# Assigned task
The lines below, from the one containing "the curved couch" through the one containing "Man swiming breaststroke", should be set down exactly, with no pictures and nothing else.

# Records to use

--- START ---

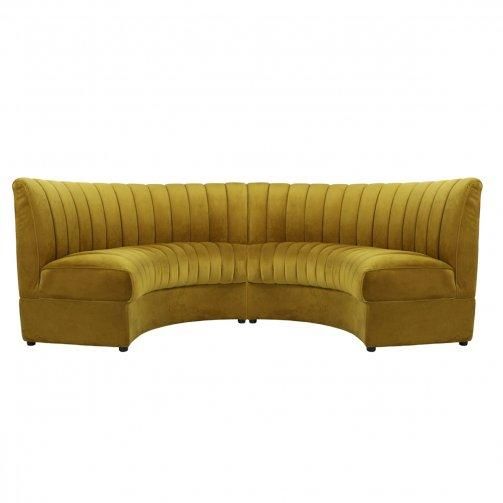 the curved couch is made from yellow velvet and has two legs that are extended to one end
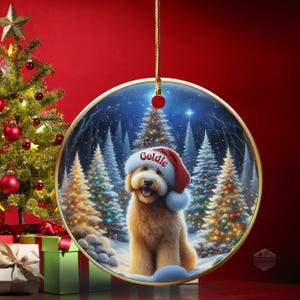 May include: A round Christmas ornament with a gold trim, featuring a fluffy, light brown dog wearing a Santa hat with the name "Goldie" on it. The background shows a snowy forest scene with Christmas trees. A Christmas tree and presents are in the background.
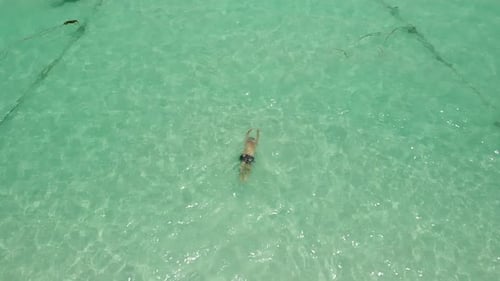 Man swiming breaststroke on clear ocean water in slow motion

--- END ---
--- START ---

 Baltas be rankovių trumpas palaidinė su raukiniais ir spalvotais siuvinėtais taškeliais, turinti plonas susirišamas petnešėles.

--- END ---

# Output below
 the curved couch is made from yellow velvet and has two legs that are extended to one end
 May include: A round Christmas ornament with a gold trim, featuring a fluffy, light brown dog wearing a Santa hat with the name "Goldie" on it. The background shows a snowy forest scene with Christmas trees. A Christmas tree and presents are in the background.
 Man swiming breaststroke on clear ocean water in slow motion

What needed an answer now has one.